#### Source material
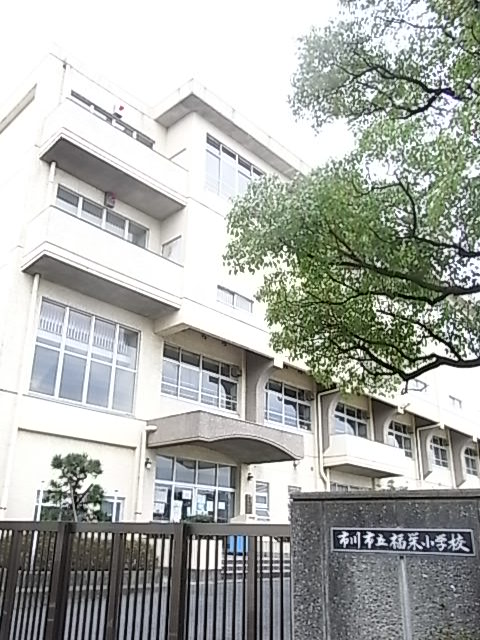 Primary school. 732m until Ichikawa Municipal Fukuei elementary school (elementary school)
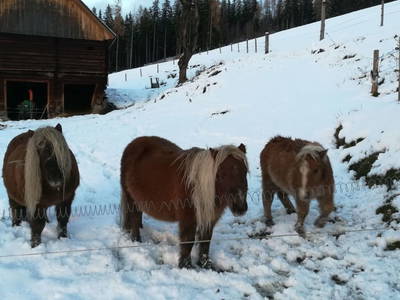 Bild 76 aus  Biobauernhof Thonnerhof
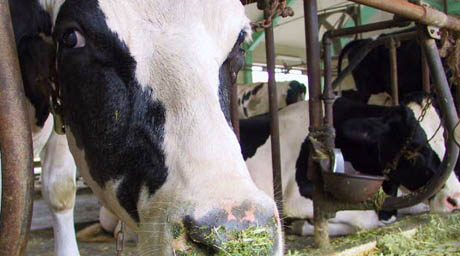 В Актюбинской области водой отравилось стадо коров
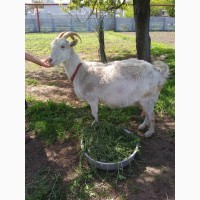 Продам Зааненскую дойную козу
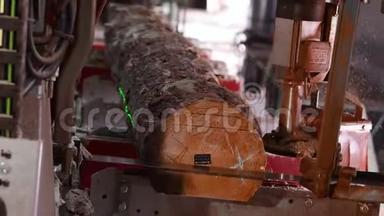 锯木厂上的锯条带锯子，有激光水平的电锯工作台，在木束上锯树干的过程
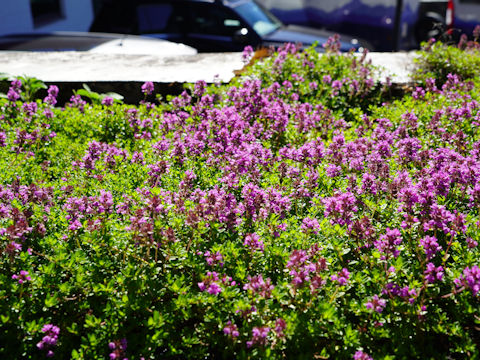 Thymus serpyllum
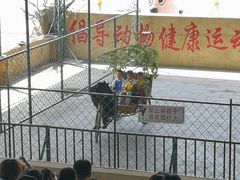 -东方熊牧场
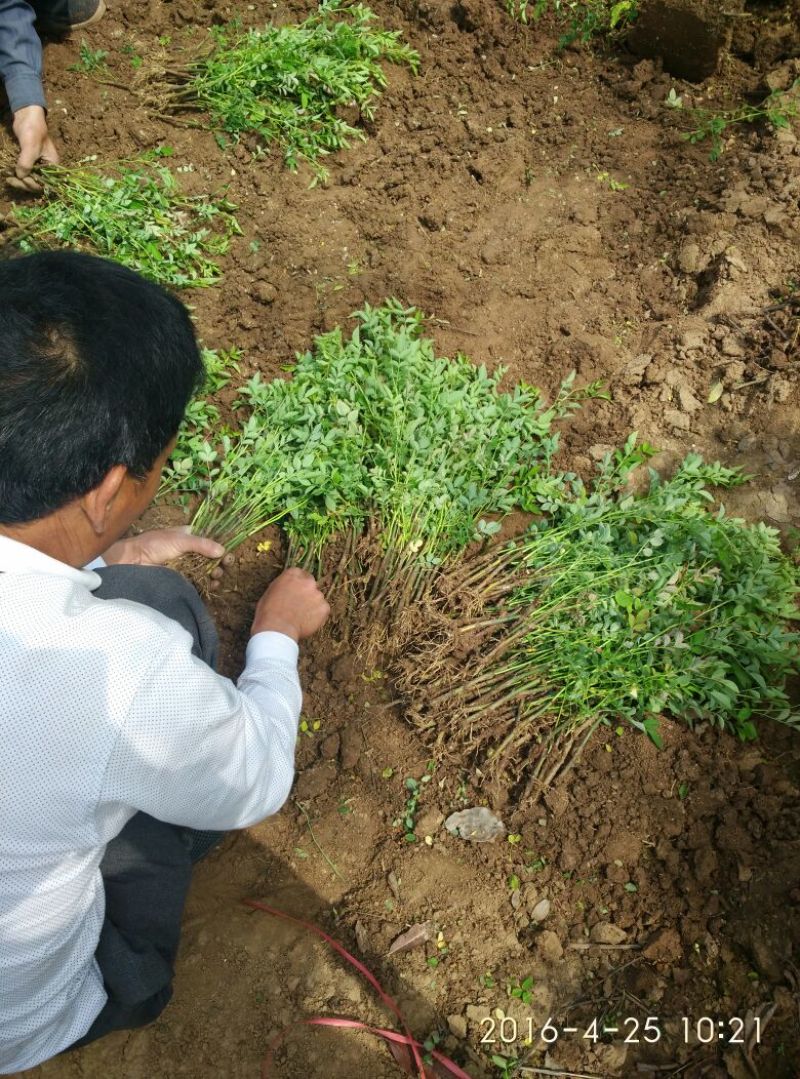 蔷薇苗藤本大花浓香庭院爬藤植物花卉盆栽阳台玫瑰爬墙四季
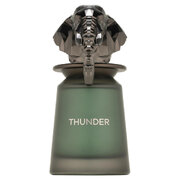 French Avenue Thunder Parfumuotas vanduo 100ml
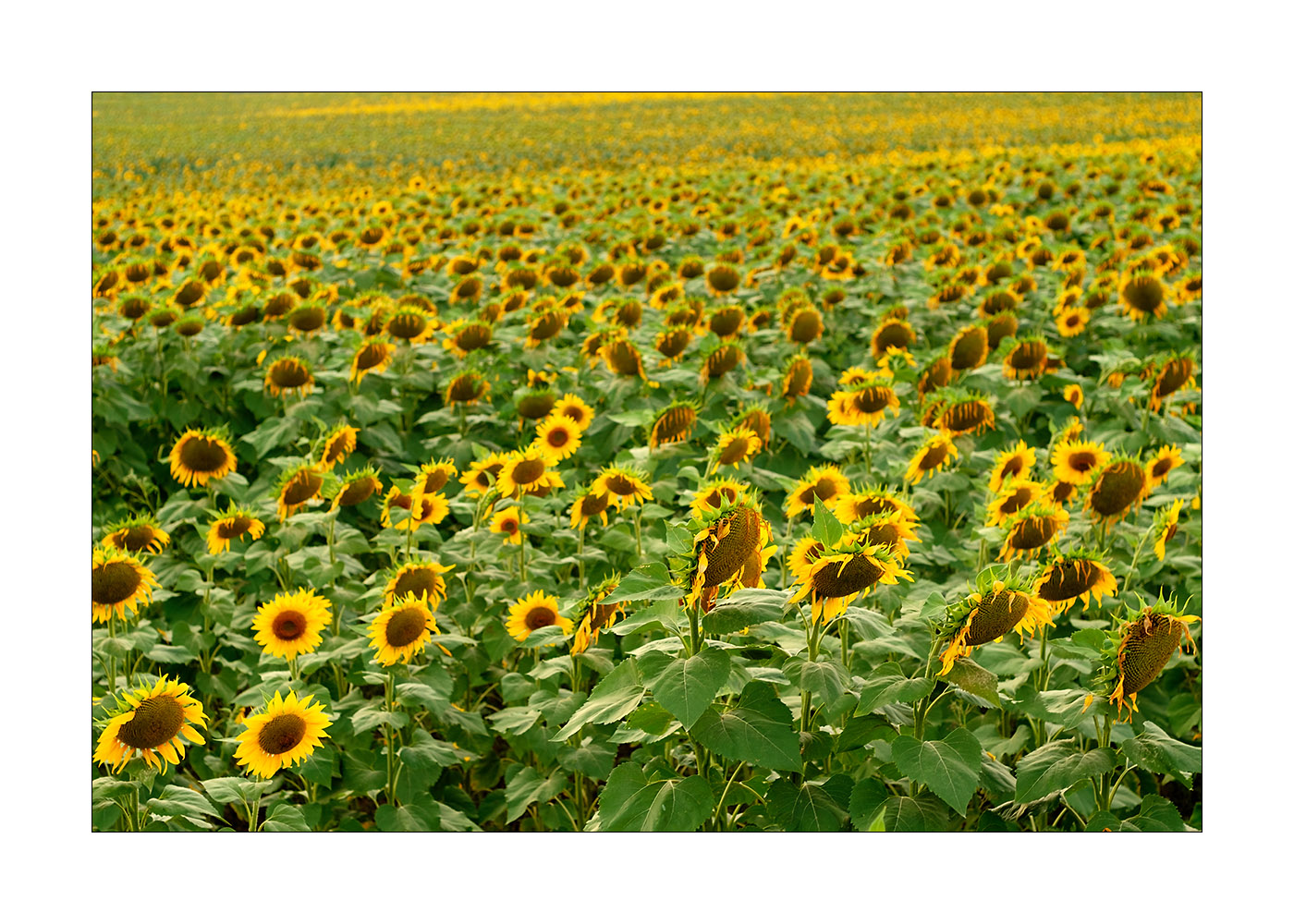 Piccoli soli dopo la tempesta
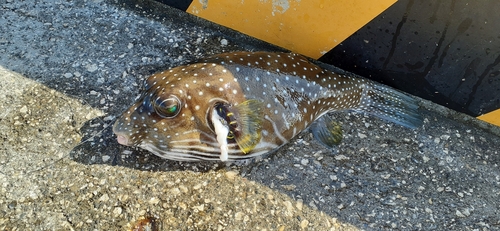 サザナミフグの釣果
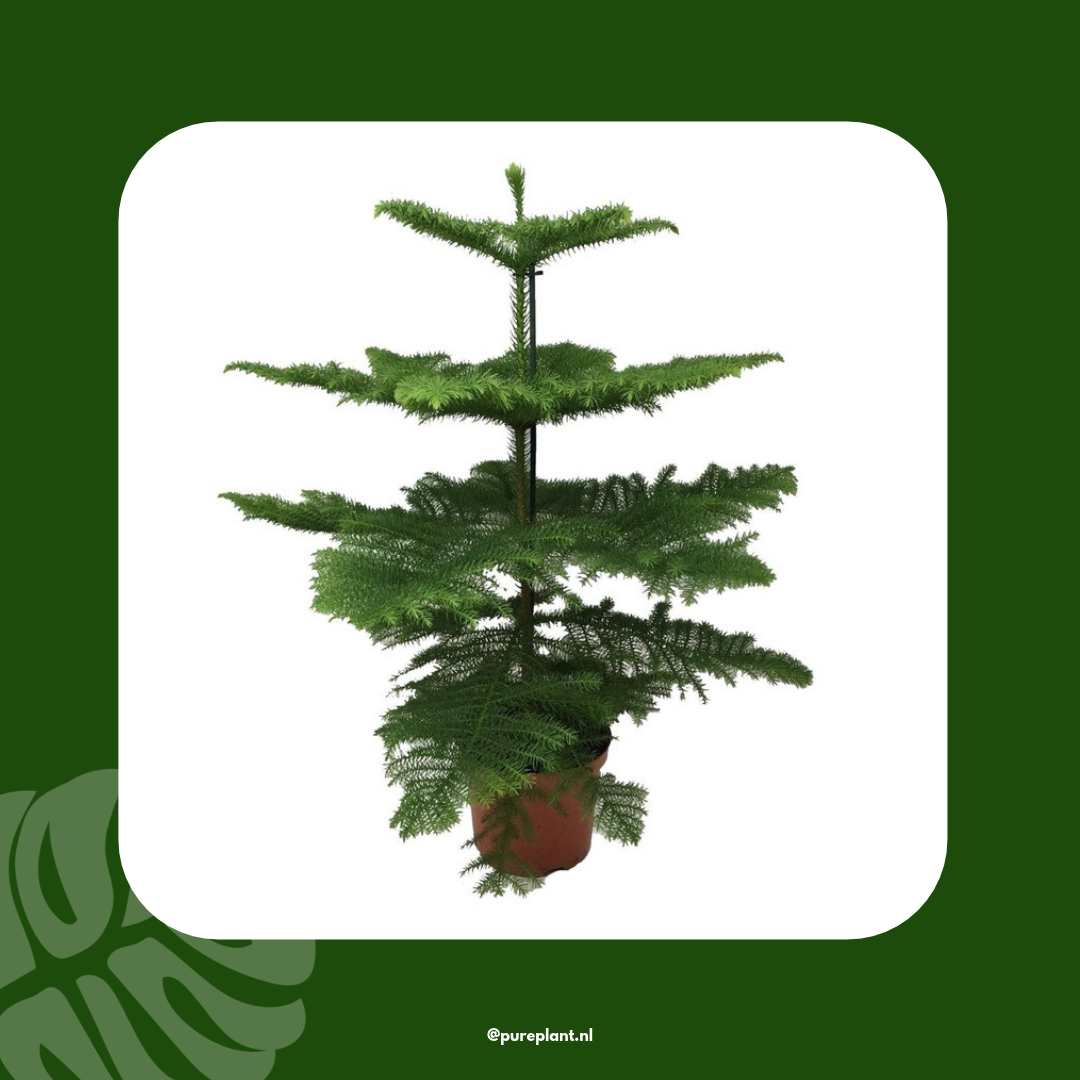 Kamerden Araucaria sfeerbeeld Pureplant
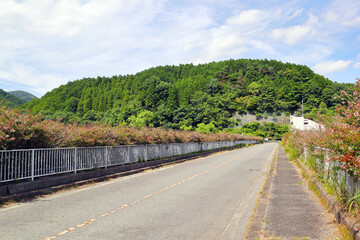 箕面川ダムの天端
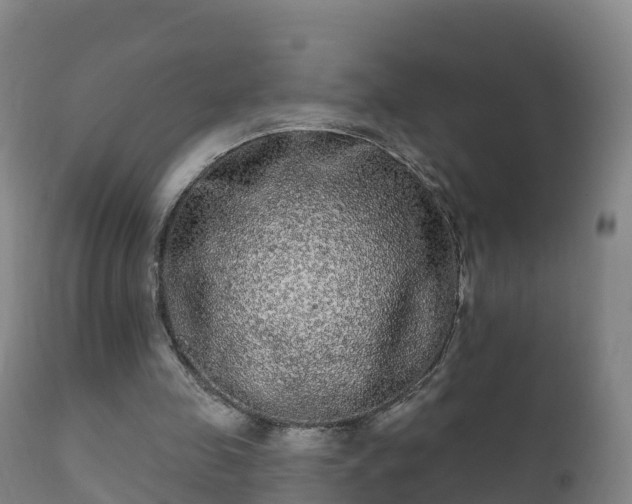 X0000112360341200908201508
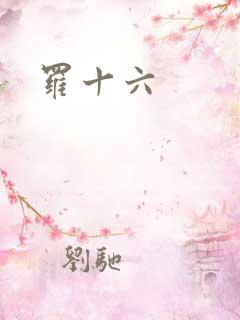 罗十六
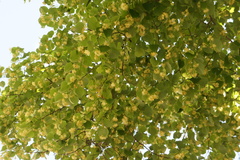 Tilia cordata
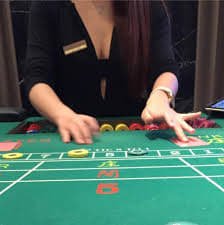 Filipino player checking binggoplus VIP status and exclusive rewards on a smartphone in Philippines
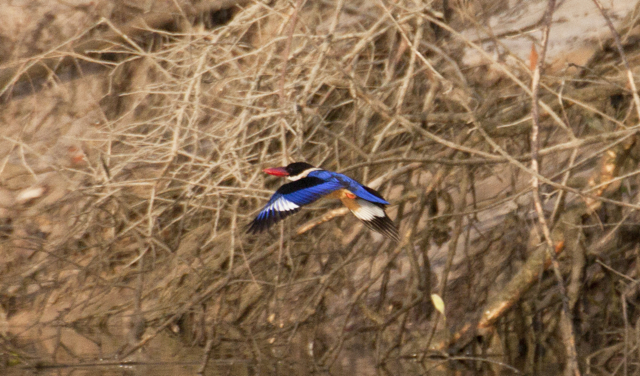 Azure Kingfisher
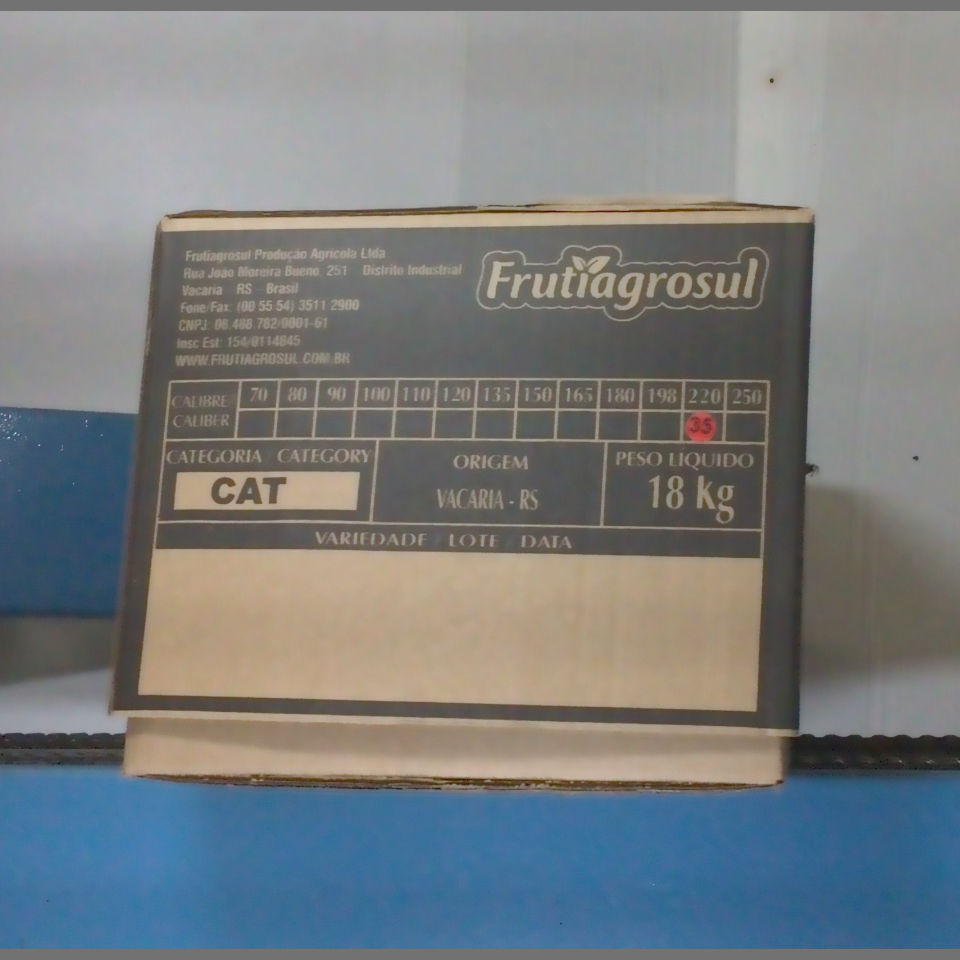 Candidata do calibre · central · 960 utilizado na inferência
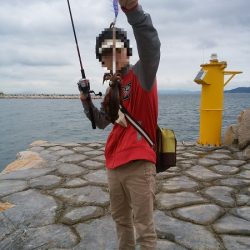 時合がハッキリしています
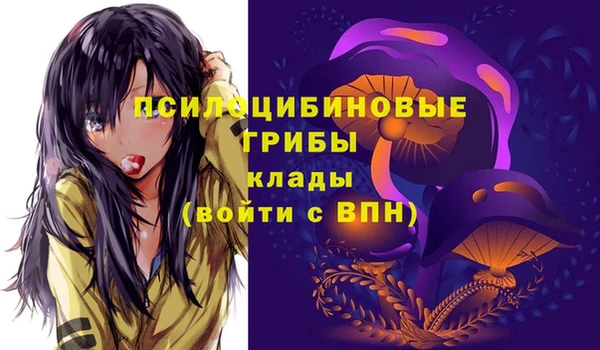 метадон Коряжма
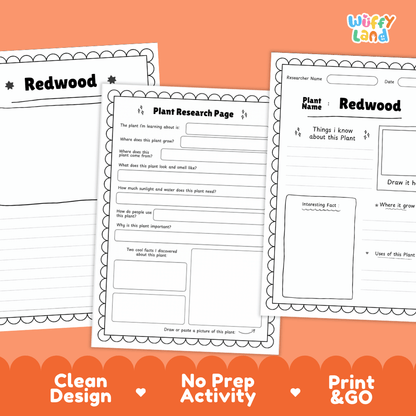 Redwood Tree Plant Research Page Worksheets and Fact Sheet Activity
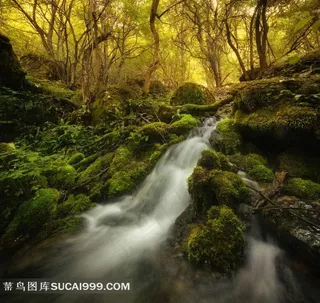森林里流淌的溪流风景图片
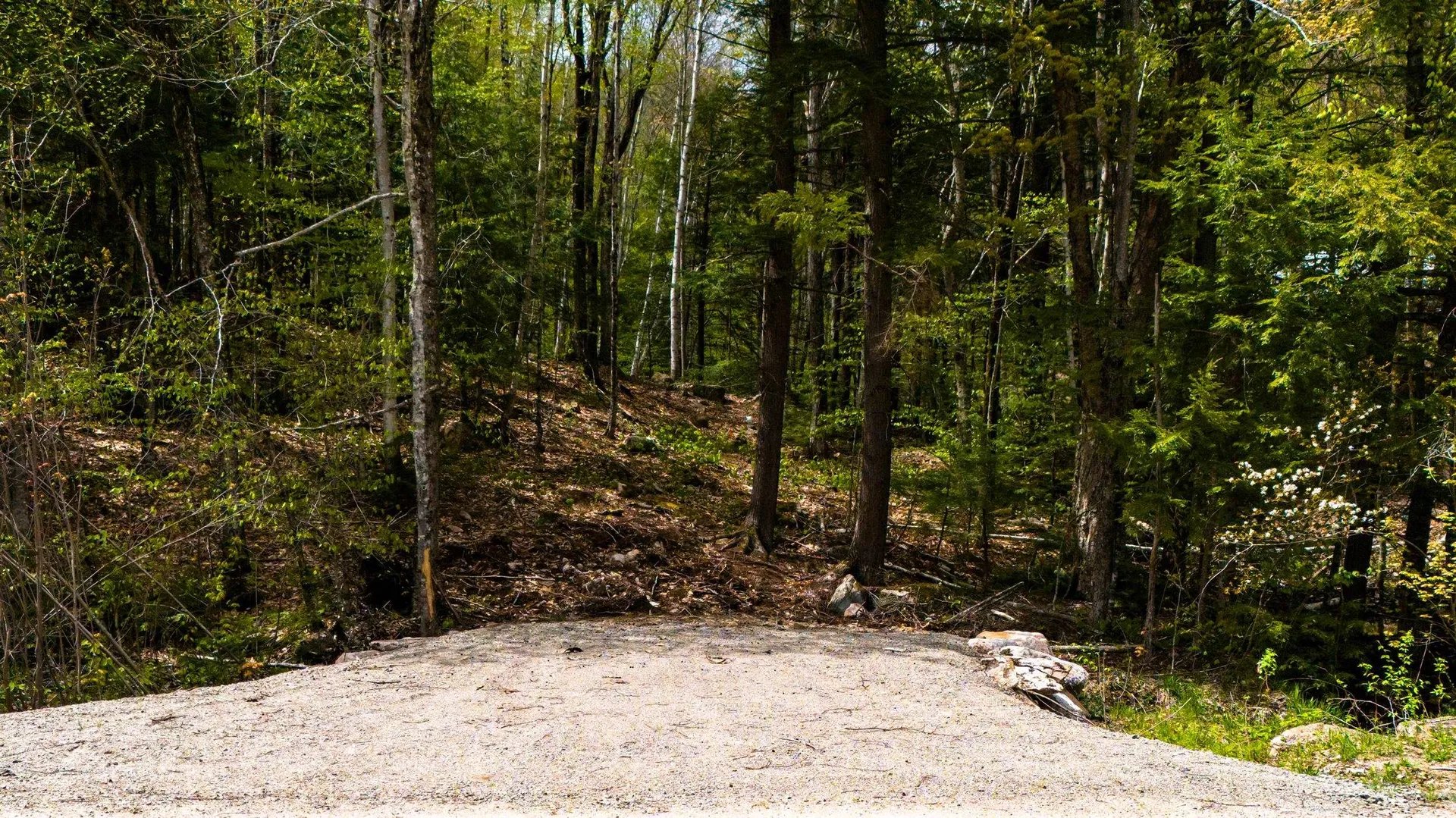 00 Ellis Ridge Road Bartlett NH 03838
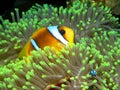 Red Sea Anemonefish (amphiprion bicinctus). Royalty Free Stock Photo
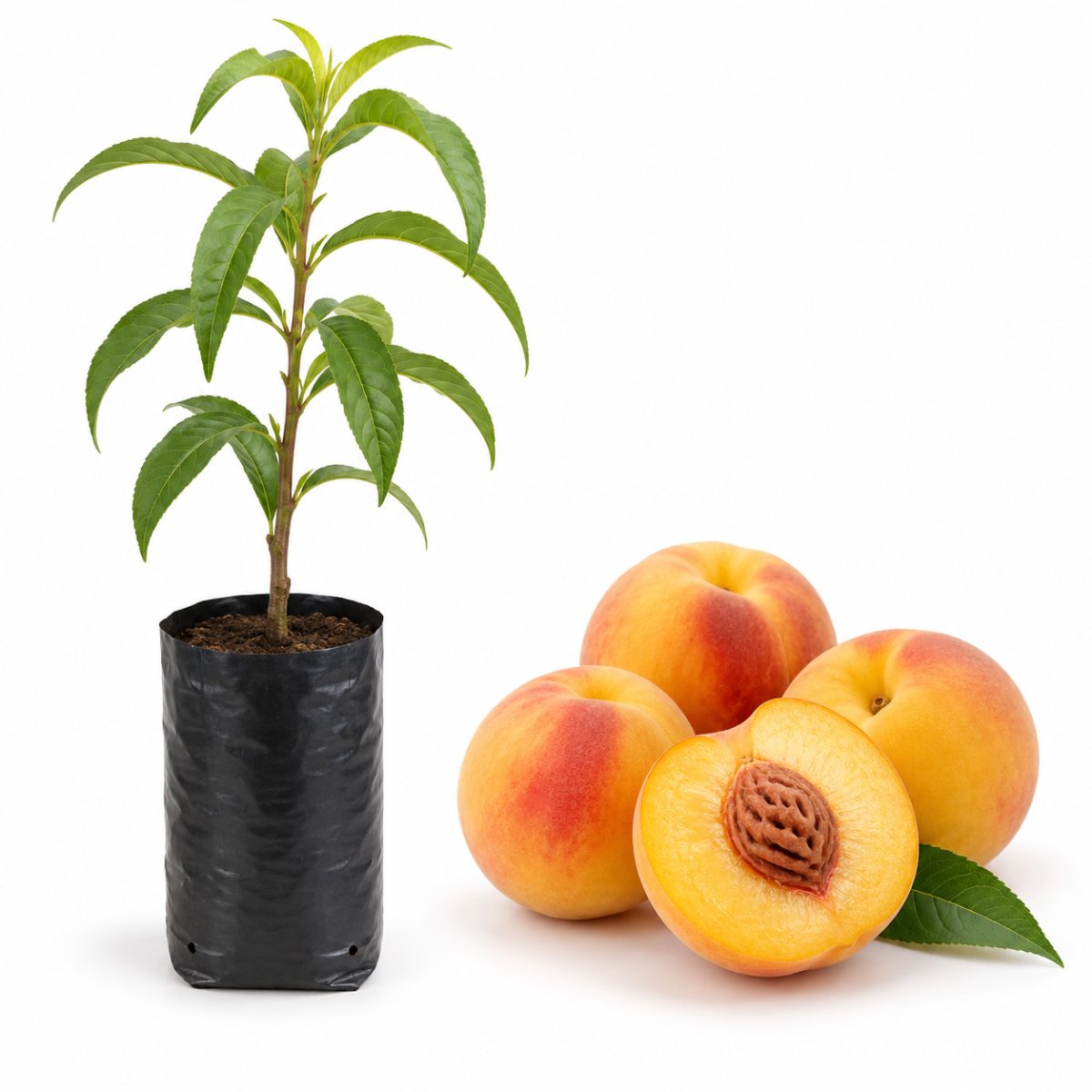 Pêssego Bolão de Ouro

#### What you are asked to do
Write out again, exactly, each line from the one containing "Filipino player checking" through the last line of the entries, and omit every picture.

#### Completed task
 Filipino player checking binggoplus VIP status and exclusive rewards on a smartphone in Philippines
 Azure Kingfisher
 Candidata do calibre · central · 960 utilizado na inferência
 時合がハッキリしています
 метадон Коряжма
 Redwood Tree Plant Research Page Worksheets and Fact Sheet Activity
森林里流淌的溪流风景图片
 00 Ellis Ridge Road Bartlett NH 03838
 Red Sea Anemonefish (amphiprion bicinctus). Royalty Free Stock Photo
 Pêssego Bolão de Ouro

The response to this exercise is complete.